Do any lines in the data below contain "Chapter"? If so, copy every one of them.

[Material provided Boundary: Start]

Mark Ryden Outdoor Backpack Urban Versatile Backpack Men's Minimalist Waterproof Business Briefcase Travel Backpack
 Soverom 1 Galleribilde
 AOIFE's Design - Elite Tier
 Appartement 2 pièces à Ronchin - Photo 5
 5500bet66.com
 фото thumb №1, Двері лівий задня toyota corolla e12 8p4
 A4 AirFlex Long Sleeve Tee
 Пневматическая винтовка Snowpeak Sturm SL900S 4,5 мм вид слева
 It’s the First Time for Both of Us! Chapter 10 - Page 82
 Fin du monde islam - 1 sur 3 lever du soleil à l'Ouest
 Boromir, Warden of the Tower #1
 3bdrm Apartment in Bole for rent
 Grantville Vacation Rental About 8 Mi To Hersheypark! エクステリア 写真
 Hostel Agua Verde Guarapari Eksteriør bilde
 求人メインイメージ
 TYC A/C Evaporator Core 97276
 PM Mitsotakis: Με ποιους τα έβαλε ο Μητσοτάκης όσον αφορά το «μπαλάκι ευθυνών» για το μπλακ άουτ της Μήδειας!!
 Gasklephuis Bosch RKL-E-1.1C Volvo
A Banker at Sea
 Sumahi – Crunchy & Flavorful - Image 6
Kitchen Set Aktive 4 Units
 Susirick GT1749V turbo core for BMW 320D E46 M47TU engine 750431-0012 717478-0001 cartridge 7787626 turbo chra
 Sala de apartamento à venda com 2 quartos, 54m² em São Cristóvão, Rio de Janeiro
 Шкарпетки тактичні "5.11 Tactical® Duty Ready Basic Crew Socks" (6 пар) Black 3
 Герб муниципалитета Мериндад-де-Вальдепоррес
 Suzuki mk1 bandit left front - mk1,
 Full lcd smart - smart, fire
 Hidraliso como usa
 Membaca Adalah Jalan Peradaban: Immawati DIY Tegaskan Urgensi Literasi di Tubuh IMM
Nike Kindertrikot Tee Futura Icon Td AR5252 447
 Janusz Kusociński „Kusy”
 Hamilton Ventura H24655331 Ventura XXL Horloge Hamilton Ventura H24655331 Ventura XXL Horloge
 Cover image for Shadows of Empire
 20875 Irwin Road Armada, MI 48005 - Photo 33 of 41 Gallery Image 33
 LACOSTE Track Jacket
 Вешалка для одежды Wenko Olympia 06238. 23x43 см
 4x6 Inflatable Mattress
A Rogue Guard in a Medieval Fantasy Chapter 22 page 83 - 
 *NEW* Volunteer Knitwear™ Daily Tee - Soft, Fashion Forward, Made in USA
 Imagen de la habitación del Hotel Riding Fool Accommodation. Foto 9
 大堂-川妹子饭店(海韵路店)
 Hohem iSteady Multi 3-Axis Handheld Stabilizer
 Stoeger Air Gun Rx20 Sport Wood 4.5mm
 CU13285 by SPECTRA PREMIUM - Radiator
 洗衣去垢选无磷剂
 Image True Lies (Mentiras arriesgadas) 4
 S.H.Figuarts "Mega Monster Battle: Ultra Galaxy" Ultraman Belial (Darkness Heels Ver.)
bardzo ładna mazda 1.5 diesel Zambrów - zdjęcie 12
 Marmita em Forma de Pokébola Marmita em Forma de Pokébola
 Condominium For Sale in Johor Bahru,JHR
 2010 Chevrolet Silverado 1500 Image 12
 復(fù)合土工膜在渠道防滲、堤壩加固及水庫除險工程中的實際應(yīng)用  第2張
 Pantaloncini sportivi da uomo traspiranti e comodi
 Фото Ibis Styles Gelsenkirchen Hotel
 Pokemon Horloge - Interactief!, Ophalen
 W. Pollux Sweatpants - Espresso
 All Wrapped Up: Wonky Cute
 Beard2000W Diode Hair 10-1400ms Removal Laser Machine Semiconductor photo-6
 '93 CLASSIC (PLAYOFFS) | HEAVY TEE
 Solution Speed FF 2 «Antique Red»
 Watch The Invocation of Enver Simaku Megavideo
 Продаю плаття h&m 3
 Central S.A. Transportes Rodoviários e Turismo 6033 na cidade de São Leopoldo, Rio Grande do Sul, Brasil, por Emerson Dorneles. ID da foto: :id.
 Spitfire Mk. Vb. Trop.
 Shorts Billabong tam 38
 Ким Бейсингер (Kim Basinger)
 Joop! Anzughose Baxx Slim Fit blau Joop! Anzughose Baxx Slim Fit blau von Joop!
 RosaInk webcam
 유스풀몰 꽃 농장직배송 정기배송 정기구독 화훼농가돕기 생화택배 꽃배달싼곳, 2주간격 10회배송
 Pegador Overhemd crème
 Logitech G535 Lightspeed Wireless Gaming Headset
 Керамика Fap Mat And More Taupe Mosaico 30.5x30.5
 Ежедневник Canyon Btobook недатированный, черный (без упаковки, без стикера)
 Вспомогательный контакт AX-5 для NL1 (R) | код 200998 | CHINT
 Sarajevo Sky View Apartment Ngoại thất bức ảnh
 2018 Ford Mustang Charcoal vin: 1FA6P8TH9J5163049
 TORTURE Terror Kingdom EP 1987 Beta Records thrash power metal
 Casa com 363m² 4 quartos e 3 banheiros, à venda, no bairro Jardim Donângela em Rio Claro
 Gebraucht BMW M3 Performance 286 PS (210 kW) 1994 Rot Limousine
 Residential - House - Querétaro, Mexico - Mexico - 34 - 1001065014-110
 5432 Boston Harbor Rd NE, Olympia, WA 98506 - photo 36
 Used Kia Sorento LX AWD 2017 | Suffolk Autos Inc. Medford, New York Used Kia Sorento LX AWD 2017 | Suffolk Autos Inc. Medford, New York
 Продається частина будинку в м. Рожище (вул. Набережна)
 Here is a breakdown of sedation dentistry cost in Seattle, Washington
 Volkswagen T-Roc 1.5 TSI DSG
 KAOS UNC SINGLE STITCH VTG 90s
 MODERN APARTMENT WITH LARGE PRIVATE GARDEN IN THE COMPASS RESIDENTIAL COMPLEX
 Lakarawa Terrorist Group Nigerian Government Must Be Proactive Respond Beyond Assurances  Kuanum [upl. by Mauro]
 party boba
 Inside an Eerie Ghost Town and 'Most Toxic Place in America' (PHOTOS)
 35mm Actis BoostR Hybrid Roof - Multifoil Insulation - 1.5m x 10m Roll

[Material provided Boundary: End]

*Completed exercise*.
 It’s the First Time for Both of Us! Chapter 10 - Page 82
A Rogue Guard in a Medieval Fantasy Chapter 22 page 83 - 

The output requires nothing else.